### RECORDS TO PROCESS
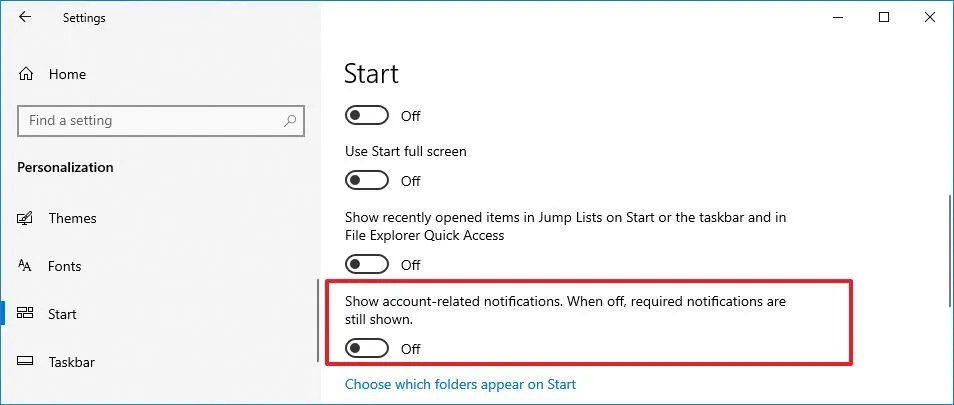 Show account-related notifications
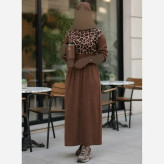 کفتان بافت اکریلیک ساعت شنی مدل پلنگی کلاهدار سایز 38 تا 50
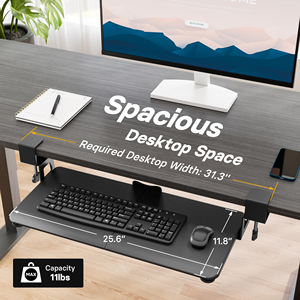 Plateau de clavier ergonomique coulissant sous le bureau avec fixation à pince en C extra robuste - Product Image 4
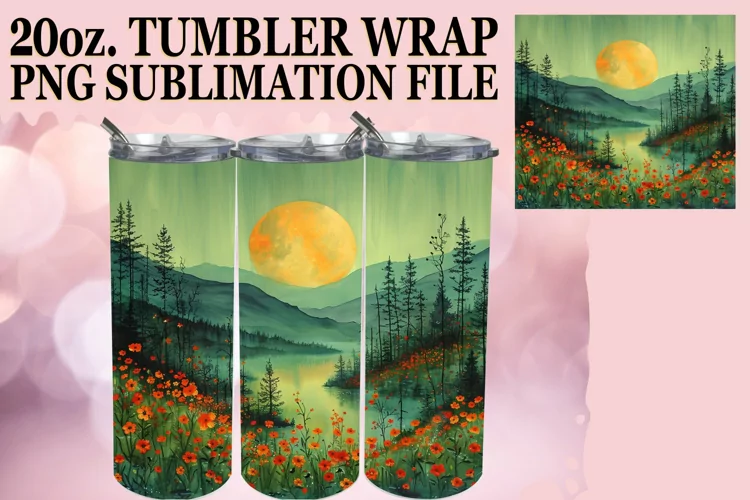 Charming Springtime Meadow of Flowers Tumbler Design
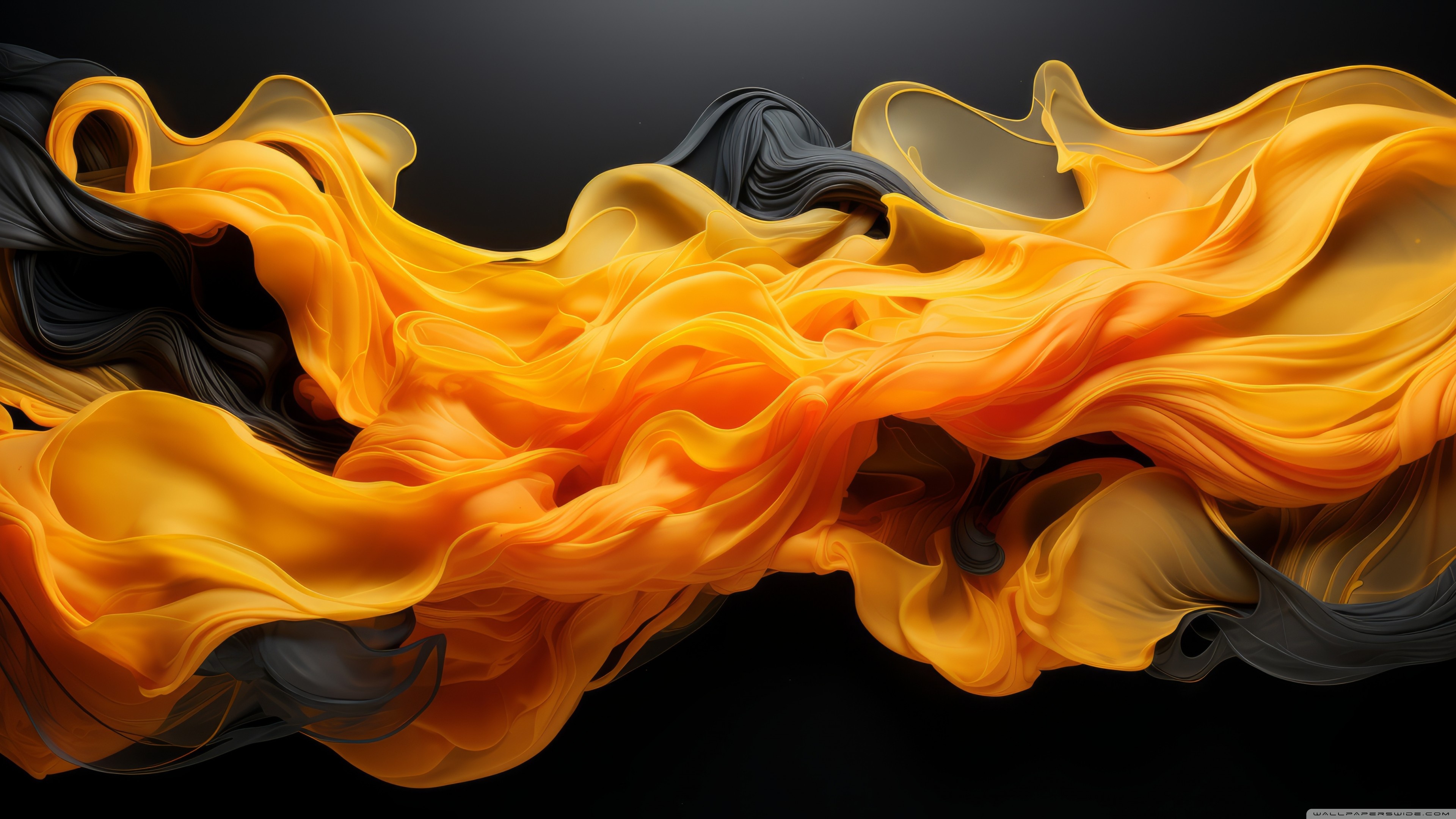 Black Orange Yellow Abstract Art Ultra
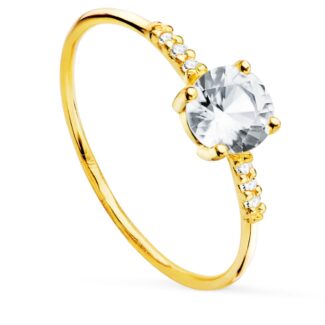 18K SOLITARIO ORO AMARILLO CUERPO RED,1 MM TOPACIOS BLANCOS NATURALES 0,5436 CTS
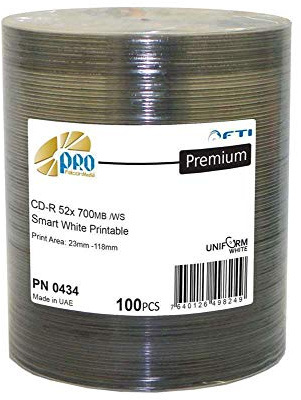 Super Blank CDs - CD-R Falcon Smart White Inkjet Hub Printable 52x 700MB 80min 100 Disc Pack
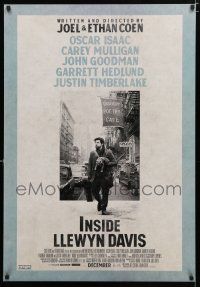 9b357 INSIDE LLEWYN DAVIS advance Canadian 1sh '13 Coen brothers, Oscar Isaac w/cat & guitar!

### AIM OF THE EXERCISE
Give back exactly the lines from the one containing "18K SOLITARIO ORO" to the final line of the entries, both included, and no picture.

### RESULT OF THE EXERCISE
 18K SOLITARIO ORO AMARILLO CUERPO RED,1 MM TOPACIOS BLANCOS NATURALES 0,5436 CTS
 Super Blank CDs - CD-R Falcon Smart White Inkjet Hub Printable 52x 700MB 80min 100 Disc Pack
 9b357 INSIDE LLEWYN DAVIS advance Canadian 1sh '13 Coen brothers, Oscar Isaac w/cat & guitar!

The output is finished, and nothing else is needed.